Indian History: The Delhi Sultanate

The Delhi Sultanate

The Delhi Sultanate

Shahabuddin Muhammad Ghori was the ruler of a small kingdom of Ghor in Afghanistan. He invaded India not just to plunder the wealth of India but also to establish Muslim rule in India. Prithviraj Chauhan was contemporary to Ghori. In 1191, Prithviraj Chauhan defeated Muhammad Ghori. In this battle, Ghori had to flee from the battle field with bleeding wounds. But the very next year in 1192, he defeated Prithviraj. This defeat is regarded as a turning point in the Indian hisotry because, it resulted in the foundation of Muslim rule in India. Later, Ghori defeated Jaichand of Kannauj, which marked the end of Rajput rule in North-India. Ghori handed over the responsibility of further conquests on his general Qutb-ud-din Aibak, who became the Sultan of Delhi after Ghori’s death.

THE SLAVE DYNASTY

The Slave dynasty ruled the subcontinent for about 84 years. It was the first Muslim dynasty that ruled India. Qutb-ud-din Aibak, a slave of Muhammad Ghori who became the ruler after the death of his master, founded the Slave Dynasty.

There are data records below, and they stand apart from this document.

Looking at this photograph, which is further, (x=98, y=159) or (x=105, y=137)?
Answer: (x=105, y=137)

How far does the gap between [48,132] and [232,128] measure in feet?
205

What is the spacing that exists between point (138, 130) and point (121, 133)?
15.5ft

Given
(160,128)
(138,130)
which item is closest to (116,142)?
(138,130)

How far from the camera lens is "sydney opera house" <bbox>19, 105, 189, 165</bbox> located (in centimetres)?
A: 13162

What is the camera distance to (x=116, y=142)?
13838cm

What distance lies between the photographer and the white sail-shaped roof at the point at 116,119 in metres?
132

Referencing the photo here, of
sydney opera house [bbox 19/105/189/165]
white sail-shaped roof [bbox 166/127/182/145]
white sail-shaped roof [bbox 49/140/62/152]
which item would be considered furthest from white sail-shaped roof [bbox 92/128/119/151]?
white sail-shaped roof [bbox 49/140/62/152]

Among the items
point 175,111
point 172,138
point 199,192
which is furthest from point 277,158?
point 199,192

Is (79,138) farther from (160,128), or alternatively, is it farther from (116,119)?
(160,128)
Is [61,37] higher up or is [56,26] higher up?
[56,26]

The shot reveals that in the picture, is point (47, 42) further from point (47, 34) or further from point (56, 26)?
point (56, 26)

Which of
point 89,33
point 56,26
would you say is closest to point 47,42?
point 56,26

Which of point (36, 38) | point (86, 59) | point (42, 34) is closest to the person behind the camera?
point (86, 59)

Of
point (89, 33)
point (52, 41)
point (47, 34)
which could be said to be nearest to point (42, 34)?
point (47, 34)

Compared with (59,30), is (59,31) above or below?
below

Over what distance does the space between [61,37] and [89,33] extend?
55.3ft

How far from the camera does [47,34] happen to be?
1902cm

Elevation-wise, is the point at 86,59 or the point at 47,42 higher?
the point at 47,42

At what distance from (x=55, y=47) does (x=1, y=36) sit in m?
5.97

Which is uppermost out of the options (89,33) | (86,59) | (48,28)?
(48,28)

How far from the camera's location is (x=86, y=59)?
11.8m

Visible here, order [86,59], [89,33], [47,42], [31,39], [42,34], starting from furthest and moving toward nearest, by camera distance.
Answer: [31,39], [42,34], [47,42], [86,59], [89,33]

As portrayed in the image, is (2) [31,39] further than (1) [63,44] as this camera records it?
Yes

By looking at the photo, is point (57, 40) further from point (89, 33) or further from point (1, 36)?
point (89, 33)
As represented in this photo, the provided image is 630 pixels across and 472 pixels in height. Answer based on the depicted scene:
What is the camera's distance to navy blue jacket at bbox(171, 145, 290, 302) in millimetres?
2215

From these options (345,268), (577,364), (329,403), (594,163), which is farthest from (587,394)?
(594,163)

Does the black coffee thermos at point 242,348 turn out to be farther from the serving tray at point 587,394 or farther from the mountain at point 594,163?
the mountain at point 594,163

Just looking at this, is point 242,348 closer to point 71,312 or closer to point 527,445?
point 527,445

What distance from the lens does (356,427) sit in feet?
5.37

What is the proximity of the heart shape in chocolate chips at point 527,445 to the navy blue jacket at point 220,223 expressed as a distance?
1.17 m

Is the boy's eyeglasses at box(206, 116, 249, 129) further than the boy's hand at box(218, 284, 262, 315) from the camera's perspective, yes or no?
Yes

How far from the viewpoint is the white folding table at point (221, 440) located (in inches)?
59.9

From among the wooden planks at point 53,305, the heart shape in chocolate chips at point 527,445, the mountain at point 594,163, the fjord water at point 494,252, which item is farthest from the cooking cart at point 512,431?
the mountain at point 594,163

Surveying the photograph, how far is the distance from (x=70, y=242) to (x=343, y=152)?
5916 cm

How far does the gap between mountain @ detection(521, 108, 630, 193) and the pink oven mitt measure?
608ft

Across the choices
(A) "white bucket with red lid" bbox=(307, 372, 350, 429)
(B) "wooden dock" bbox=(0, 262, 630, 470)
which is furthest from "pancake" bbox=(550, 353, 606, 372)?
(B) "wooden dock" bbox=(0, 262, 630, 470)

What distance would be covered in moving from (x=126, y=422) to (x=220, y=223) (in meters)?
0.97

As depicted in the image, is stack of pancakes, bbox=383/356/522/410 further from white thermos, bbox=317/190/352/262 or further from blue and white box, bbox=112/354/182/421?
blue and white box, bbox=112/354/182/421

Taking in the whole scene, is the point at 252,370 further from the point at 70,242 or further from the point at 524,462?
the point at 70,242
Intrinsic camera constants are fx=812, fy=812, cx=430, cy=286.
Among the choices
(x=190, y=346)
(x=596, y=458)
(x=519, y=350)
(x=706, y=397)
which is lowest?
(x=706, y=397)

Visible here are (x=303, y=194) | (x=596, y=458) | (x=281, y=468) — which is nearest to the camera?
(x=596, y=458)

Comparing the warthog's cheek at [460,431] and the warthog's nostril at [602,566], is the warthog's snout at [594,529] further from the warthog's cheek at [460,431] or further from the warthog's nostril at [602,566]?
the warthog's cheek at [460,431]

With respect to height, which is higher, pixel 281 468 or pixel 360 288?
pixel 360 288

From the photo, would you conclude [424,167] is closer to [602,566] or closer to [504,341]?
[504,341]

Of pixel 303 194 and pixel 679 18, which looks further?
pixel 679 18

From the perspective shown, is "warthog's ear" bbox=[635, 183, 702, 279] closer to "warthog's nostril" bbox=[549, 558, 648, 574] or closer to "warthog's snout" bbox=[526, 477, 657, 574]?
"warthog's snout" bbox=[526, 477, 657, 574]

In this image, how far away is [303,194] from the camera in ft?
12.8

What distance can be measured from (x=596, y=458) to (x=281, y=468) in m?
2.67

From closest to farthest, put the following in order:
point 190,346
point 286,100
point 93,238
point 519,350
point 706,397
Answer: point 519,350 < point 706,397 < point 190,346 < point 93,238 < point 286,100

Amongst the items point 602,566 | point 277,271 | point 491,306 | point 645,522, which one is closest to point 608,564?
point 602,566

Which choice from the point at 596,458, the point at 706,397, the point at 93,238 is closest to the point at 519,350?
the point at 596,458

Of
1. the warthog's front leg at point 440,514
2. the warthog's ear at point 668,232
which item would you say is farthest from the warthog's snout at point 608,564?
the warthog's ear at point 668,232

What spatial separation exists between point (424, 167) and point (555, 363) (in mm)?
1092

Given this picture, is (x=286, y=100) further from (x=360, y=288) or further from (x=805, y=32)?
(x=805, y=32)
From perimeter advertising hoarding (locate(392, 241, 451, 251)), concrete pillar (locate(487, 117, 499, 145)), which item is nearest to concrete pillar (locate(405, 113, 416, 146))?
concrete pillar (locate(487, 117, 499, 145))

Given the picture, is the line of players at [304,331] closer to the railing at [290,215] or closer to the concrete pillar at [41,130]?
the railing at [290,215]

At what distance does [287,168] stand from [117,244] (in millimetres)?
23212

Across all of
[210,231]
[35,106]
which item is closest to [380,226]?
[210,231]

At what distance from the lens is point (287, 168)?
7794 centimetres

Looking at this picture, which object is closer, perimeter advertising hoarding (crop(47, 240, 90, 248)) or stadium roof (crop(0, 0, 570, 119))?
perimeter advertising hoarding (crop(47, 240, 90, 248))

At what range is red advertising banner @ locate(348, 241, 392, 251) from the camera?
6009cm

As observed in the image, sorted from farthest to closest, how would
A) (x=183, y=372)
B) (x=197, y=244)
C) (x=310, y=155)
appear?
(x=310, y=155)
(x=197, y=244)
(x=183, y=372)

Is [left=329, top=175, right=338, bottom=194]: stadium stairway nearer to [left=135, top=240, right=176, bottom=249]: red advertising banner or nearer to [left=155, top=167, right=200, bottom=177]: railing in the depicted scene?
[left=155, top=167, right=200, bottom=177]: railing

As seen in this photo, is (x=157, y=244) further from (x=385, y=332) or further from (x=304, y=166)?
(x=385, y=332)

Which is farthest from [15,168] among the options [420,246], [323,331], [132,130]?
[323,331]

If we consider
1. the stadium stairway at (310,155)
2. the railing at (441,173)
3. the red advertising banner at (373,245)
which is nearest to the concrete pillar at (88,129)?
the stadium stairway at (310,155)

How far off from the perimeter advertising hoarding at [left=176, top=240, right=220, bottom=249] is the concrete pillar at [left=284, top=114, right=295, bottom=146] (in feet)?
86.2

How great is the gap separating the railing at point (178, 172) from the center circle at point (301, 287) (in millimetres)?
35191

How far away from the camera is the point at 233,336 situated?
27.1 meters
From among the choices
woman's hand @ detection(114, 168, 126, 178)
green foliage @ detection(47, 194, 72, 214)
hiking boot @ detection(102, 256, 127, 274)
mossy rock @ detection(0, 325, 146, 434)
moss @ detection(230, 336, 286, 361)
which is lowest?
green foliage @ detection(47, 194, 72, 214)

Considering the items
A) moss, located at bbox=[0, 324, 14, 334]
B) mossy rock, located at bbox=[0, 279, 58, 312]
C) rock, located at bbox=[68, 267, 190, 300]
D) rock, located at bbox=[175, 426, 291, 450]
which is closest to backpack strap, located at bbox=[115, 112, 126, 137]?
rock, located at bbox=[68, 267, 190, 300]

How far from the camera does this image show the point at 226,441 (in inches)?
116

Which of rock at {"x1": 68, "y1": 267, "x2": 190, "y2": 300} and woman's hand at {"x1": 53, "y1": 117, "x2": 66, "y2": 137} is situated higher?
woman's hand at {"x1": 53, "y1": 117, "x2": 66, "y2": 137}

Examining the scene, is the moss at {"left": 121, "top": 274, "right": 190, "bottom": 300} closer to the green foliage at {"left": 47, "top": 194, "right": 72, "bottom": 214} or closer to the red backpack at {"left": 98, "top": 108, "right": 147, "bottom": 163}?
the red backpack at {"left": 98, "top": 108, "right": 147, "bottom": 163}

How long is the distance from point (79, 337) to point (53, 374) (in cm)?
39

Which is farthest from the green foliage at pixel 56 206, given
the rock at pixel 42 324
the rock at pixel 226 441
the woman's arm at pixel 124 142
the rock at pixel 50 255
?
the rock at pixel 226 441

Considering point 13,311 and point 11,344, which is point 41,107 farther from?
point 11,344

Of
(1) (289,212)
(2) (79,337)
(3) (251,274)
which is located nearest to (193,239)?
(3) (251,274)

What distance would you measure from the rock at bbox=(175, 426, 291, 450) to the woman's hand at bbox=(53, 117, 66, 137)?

Qutb-ud-din Aibak (1206-1210 CE)

The first ruler of the Slave dynasty was Qutb-ud-din Aibak. He ruled from 1206-1210. He established his capital at two places-first at Lahore and then shifted it to Delhi. He started the construction of Qutub Minar in memory of the Sufi Saint, Qutb-ud din Kaki. It was completed by Iltutmish. He was an able ruler and was very kind and generous with his people. Due to his good nature he earned the title of ‘Lakh Baksh’ or giver of hundreds of thousands. In 1210, Qutb-ud-din Aibak died in an accident while he was playing polo. He fell from the horseback and was severely injured. He was buried in Lahore. He was succeeded by Iltutmish, another slave who rose to the level of a sultan, thus extending the Slave dynasty.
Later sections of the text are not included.